Activity:
Output only the lines below from the one holding "Round Polka Dot" down to the one holding "Fatherhood Is Like", both end lines included and every picture dropped.

___ Available records ___

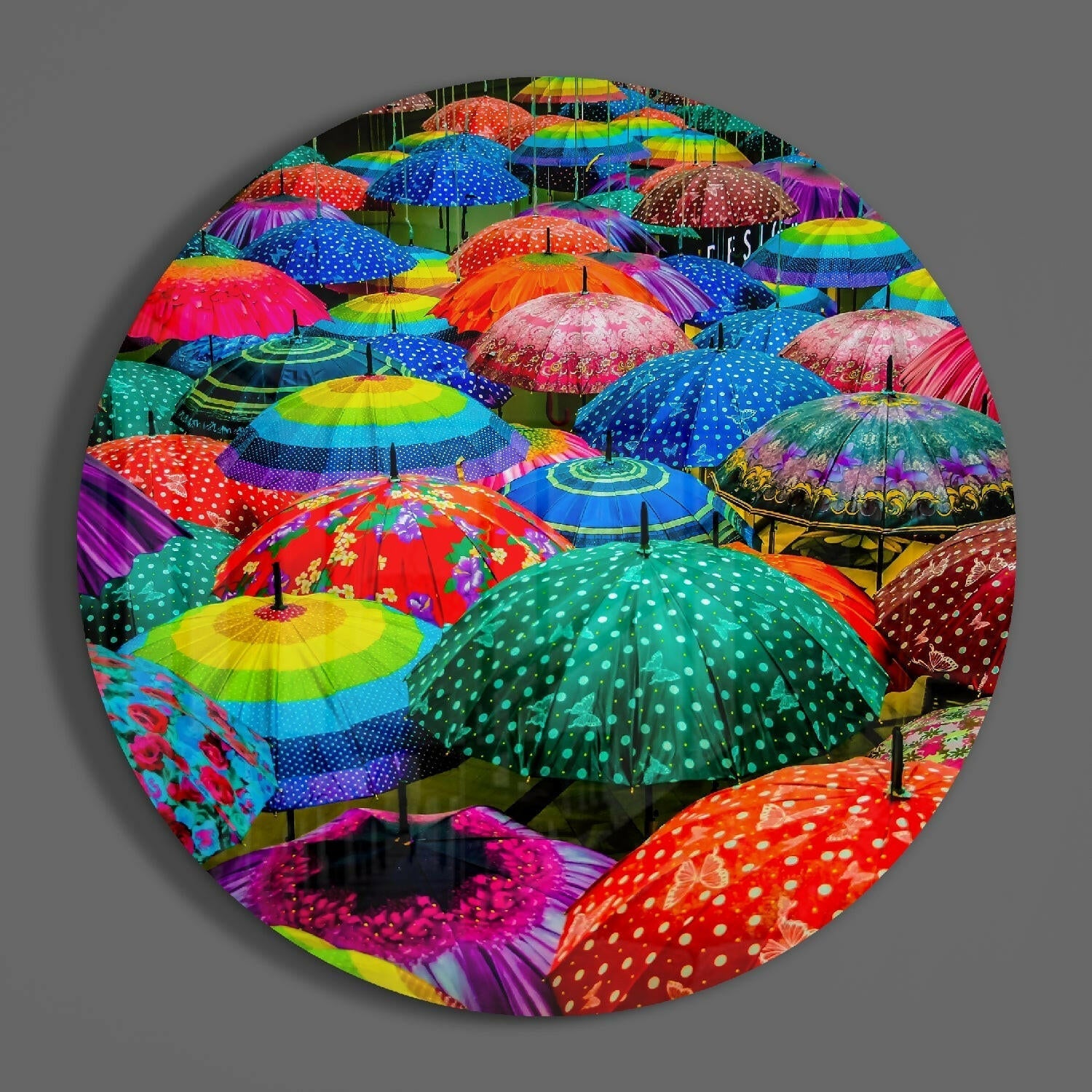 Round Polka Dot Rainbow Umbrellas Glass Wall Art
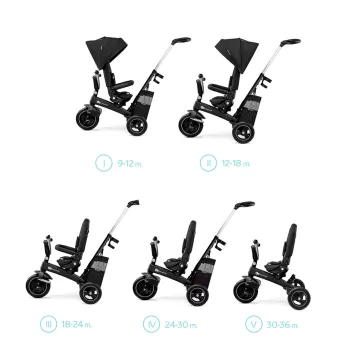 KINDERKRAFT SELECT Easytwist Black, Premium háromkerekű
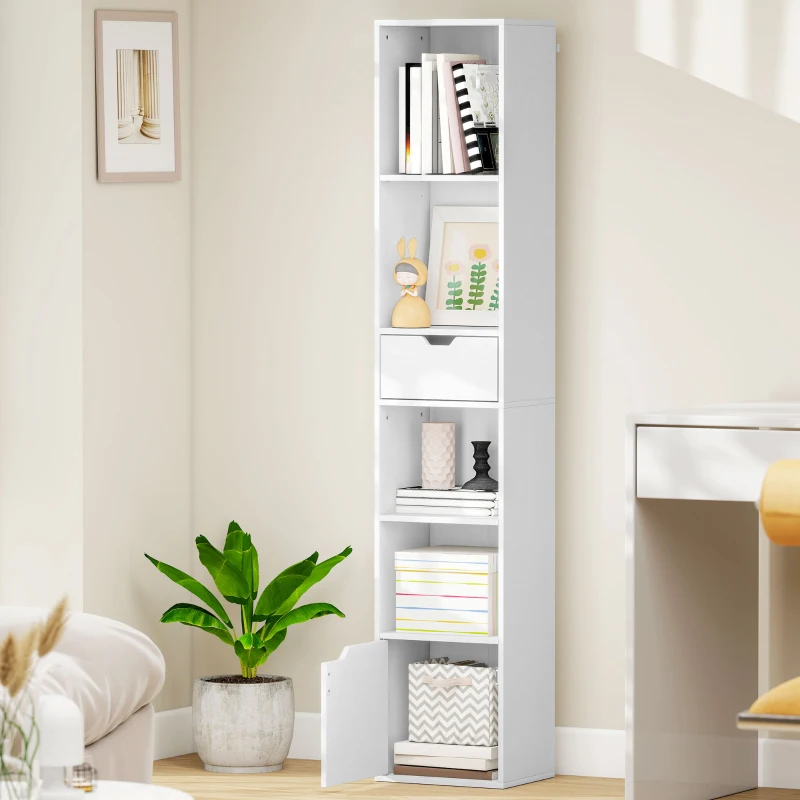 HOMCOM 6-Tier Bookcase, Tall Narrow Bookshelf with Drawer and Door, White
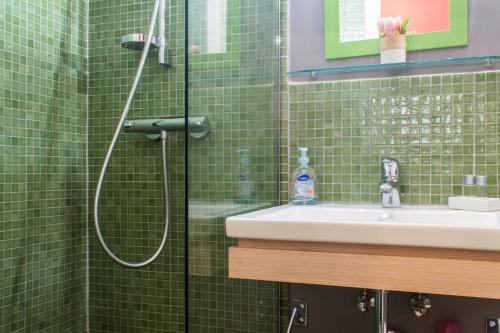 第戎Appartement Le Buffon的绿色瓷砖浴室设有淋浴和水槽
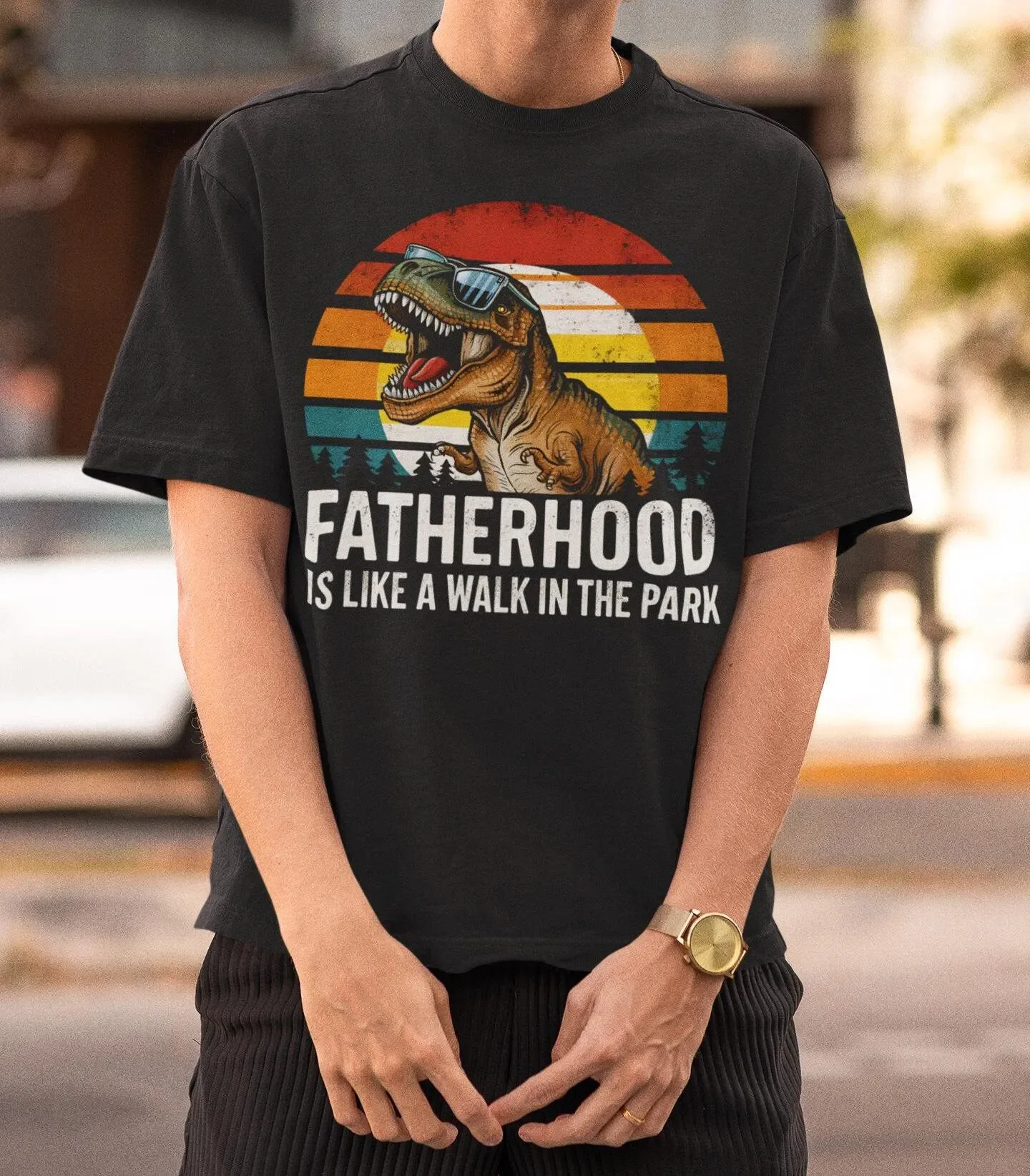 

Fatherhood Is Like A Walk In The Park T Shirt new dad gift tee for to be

___
___ Available records ___

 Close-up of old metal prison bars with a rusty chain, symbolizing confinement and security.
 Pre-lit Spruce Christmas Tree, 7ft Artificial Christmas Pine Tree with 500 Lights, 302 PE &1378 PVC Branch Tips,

___
___ Available records ___

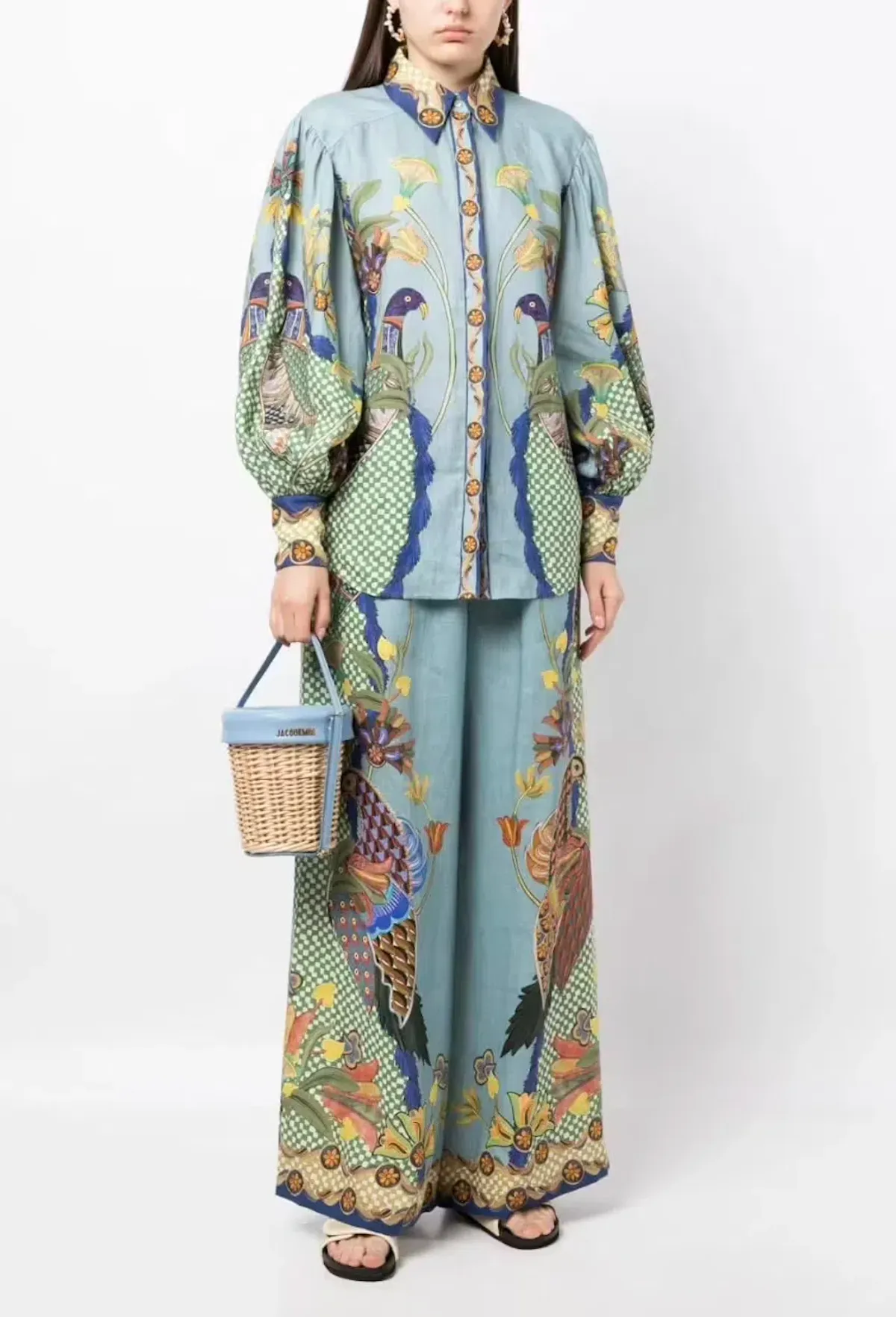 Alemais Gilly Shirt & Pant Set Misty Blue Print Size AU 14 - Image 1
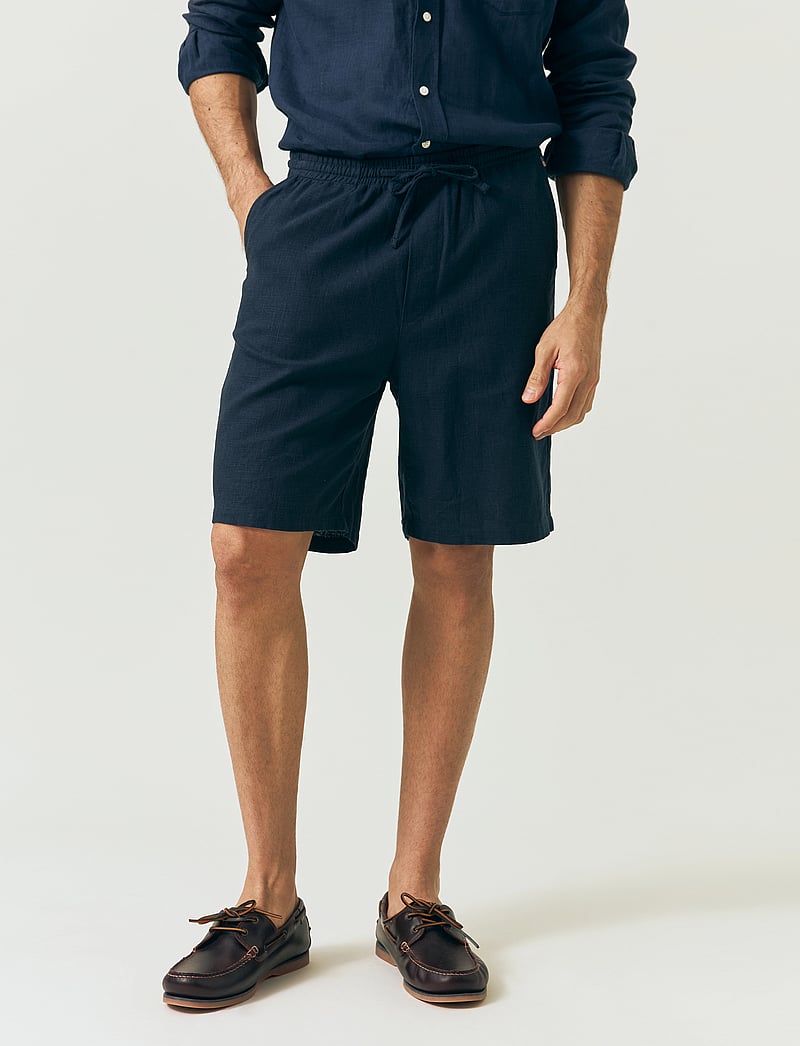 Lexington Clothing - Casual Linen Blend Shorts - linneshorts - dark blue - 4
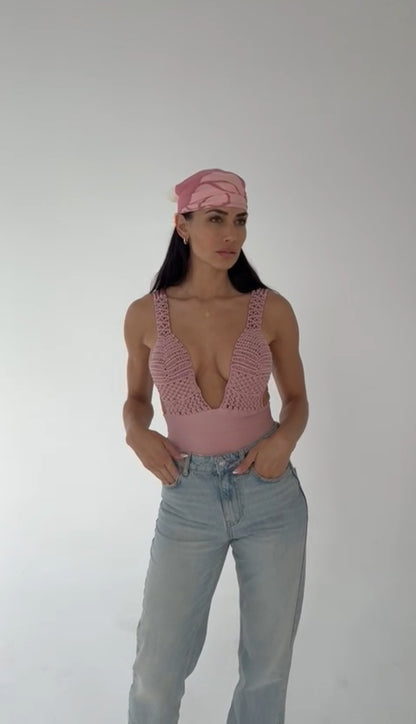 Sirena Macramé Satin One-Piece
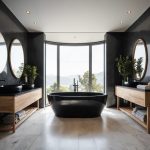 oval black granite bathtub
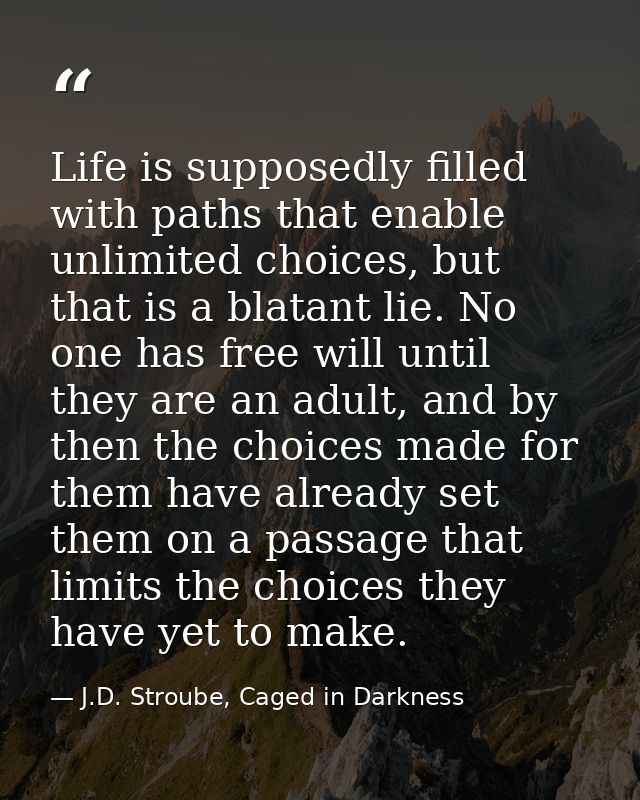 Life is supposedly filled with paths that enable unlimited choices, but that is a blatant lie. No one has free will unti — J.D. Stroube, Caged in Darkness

___

Written reply:
 Round Polka Dot Rainbow Umbrellas Glass Wall Art
 KINDERKRAFT SELECT Easytwist Black, Premium háromkerekű
 HOMCOM 6-Tier Bookcase, Tall Narrow Bookshelf with Drawer and Door, White
 第戎Appartement Le Buffon的绿色瓷砖浴室设有淋浴和水槽

Fatherhood Is Like A Walk In The Park T Shirt new dad gift tee for to be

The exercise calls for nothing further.